Using the entries below, copy exactly each line from the line with "beschikbaar voor biedingen" up to and including the line with "Ukraiński eksport zbóż", with every picture left out.

DATA SECTION:
..............................

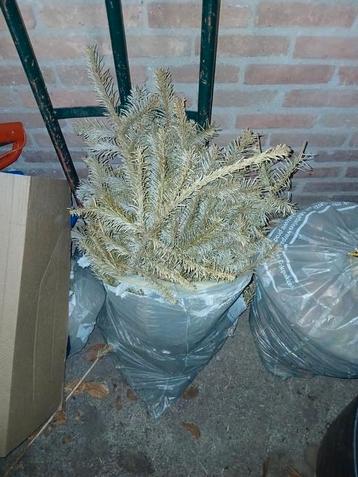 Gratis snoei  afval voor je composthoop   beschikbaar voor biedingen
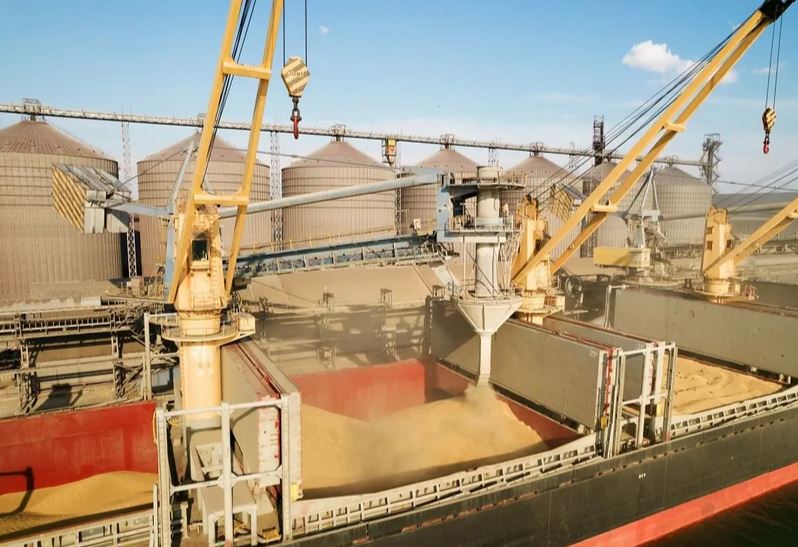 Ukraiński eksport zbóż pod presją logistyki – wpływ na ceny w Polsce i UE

..............................

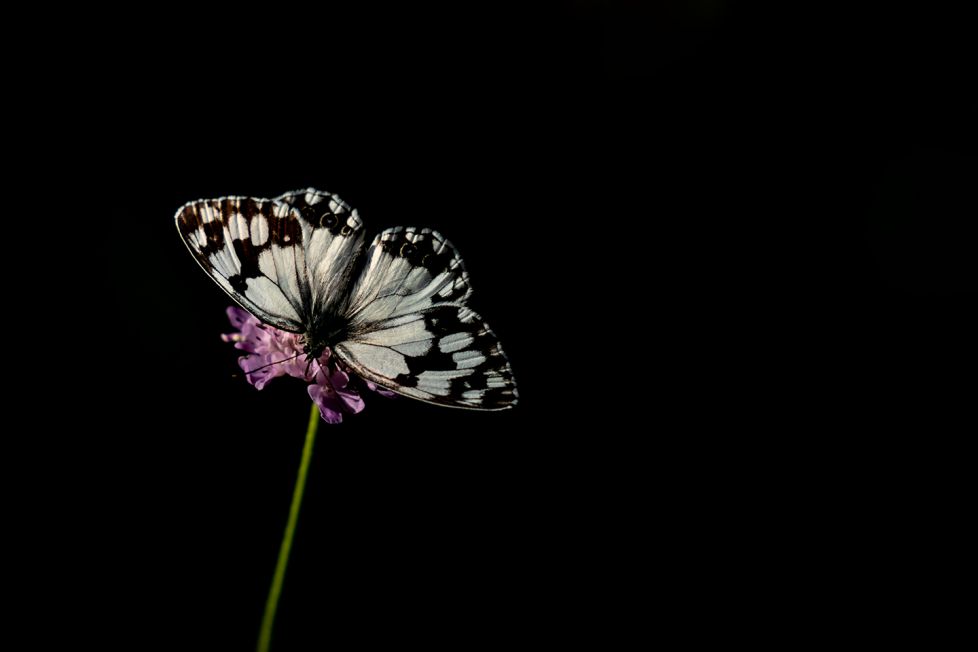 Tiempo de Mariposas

..............................

TASK SOLUTION:
 Gratis snoei  afval voor je composthoop   beschikbaar voor biedingen
 Ukraiński eksport zbóż pod presją logistyki – wpływ na ceny w Polsce i UE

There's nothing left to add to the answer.